Don’t lobotomize ashtanga-yoga to ekanga-yoga
In today’s cultural imagination, yoga is often equated with physical postures meant for shaping and toughening the body. No doubt, practicing postures is better than ingesting chemicals for figure and fitness. Still, the postures alone are far from the equivalent of yoga.
Yoga refers etymologically and essentially to a process for attaining spiritual connectedness. Among the various such yogic processes, even if we restrict ourselves to the type of yoga that incorporates bodily postures – dhyana-yoga, still the postures are just one of its eight stages. As explained in Patanjali’s Yoga-sutras, these eight stages are: yama (don’ts), niyama (dos), asana (postures), pranayama (breath regulation), pratyahara (withdrawal of senses), dharana (concentration), dhyana (meditation) and samadhi (spiritual trance). Because yoga comprises these eight stages, it is often called ashtanga-yoga (eight-limbed yoga).

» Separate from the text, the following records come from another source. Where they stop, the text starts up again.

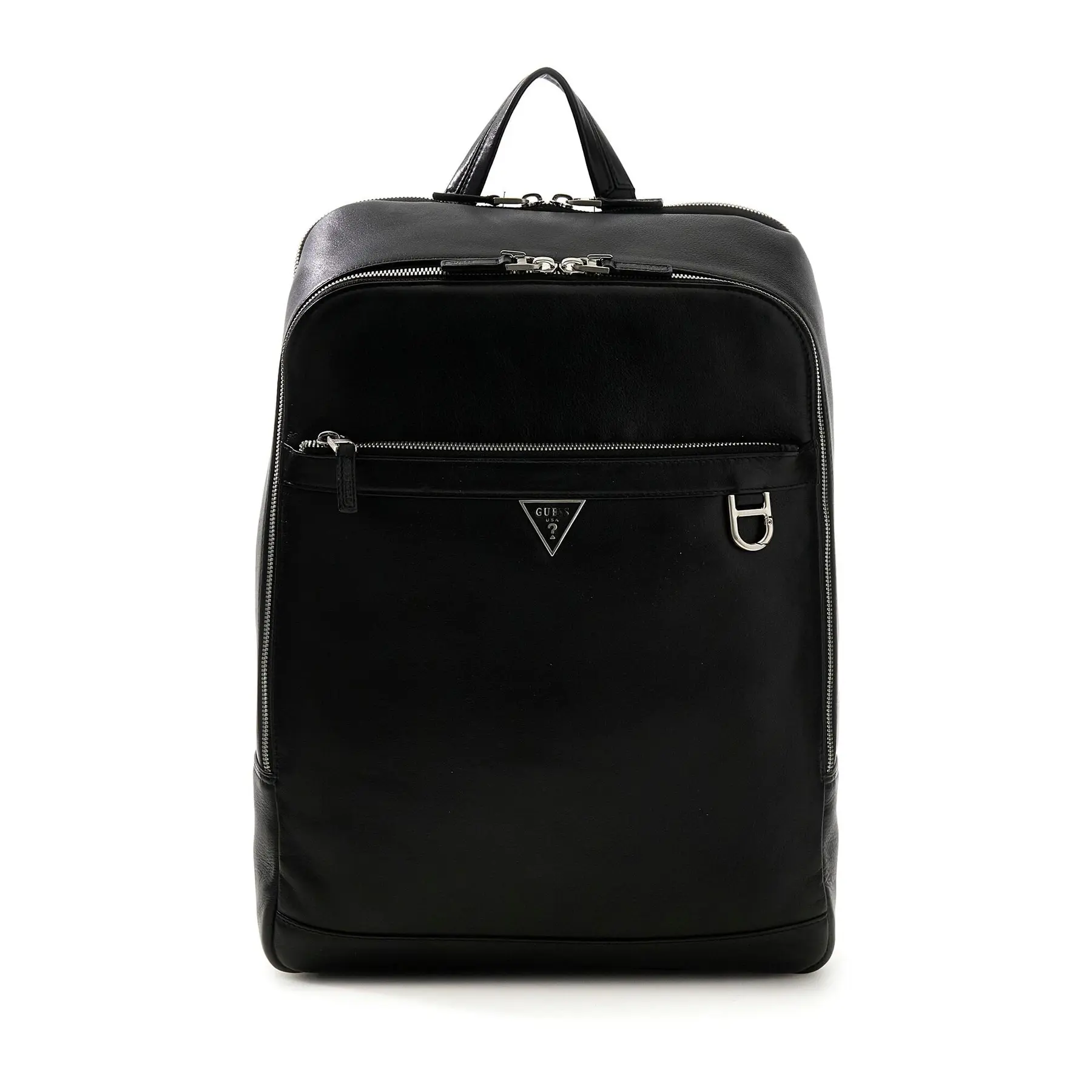 7621235332044 - Rucksack Monaco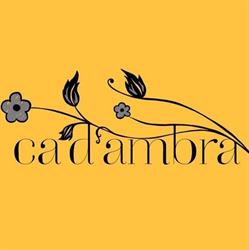B&B ca’d’ambra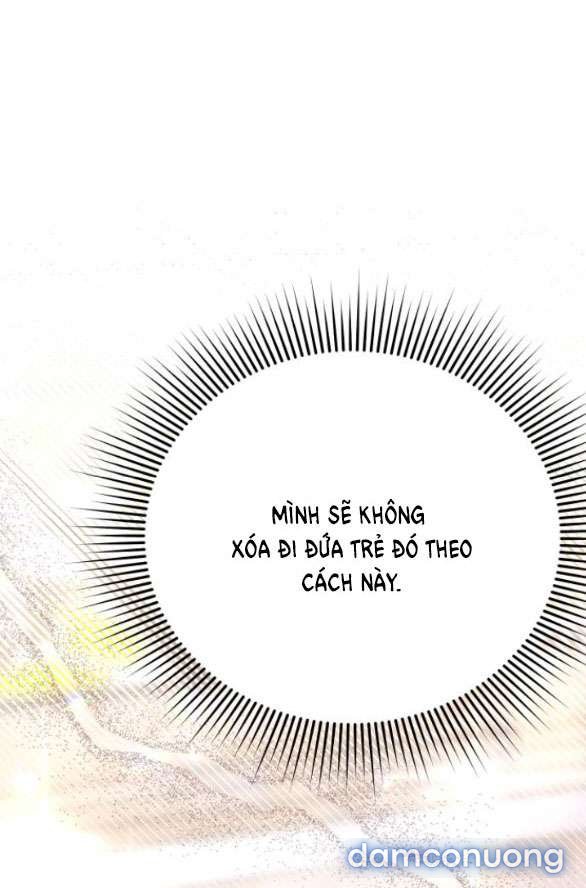 [18+] Phòng Ngủ Bí Mật Của Công Chúa Bị Bỏ Rơi 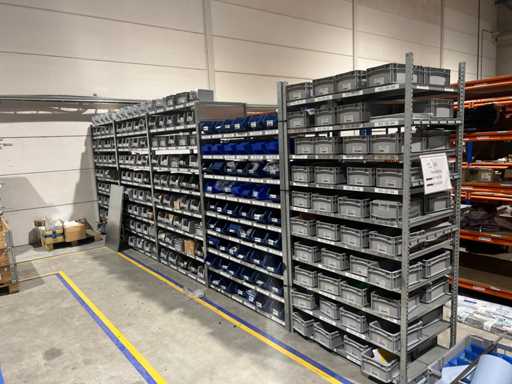 Declaración con contenido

If we consider yoga’s nomenclature as a personification, then the contemporary fad of misappropriating just one of these stages is like lobotomizing yoga –cutting off seven of its limbs and reducing it to a handicapped ekanga-yoga (one-limbed yoga) that has little, if any, spiritual potency. Posture practitioners frequently pursue bhoga (bodily indulgence) and treat yogic postures as a tool for increasing bhoga. As such indulgences increase material attachments, the fragmented practice of bodily postures can grant neither liberation, nor spiritual fulfillment. Thus, those who lobotomize yoga lobotomize their own spiritual prospects.

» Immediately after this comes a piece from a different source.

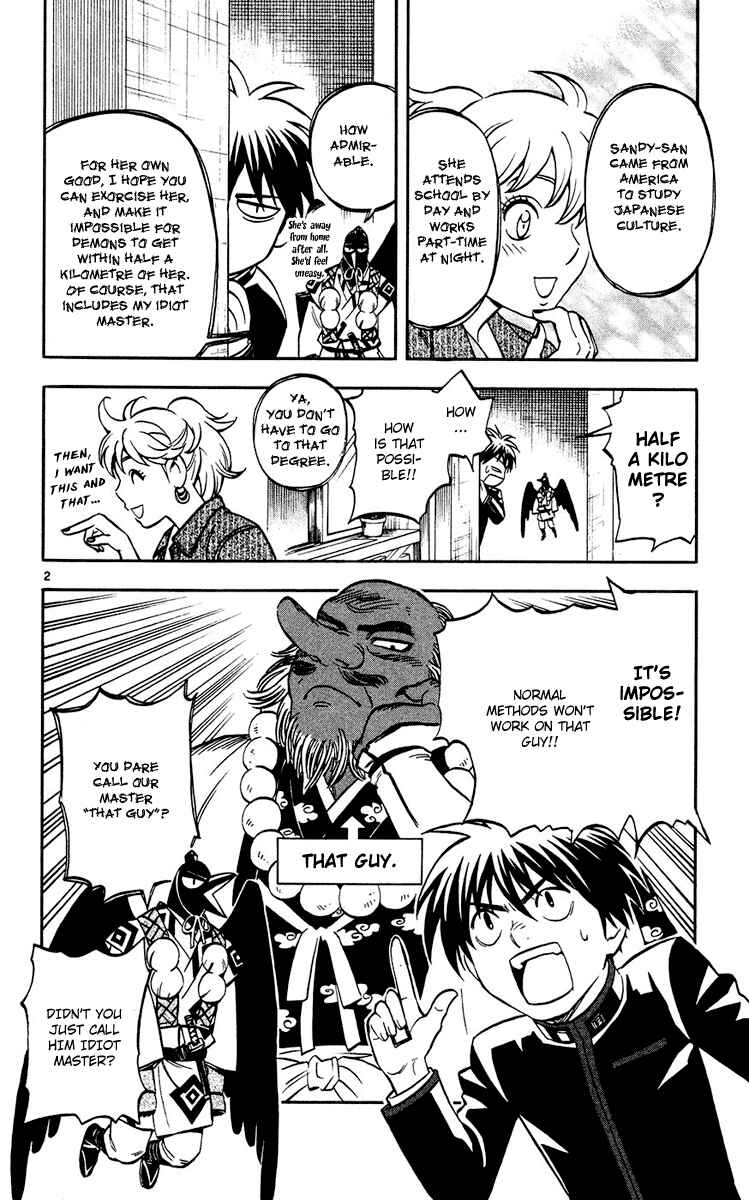 Chapter 133 - Page 2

The Bhagavad-gita illuminates these prospects. In its sixth chapter that deals with dhyana-yoga, it just (06.13) mentions yogic postures and immediately (06.14) dives into yoga’s heart, meditation on Krishna, who is the highest spiritual truth, the ultimate object of meditation, the granter of the supreme fulfillment.
If posture practitioners let the faith they have acquired by experiencing yoga’s material benefits prompt them to explore yoga’s spiritual side, Gita wisdom stands ready to help them attain yoga’s full blessing: the eternal ecstasy of spiritual love for Krishna.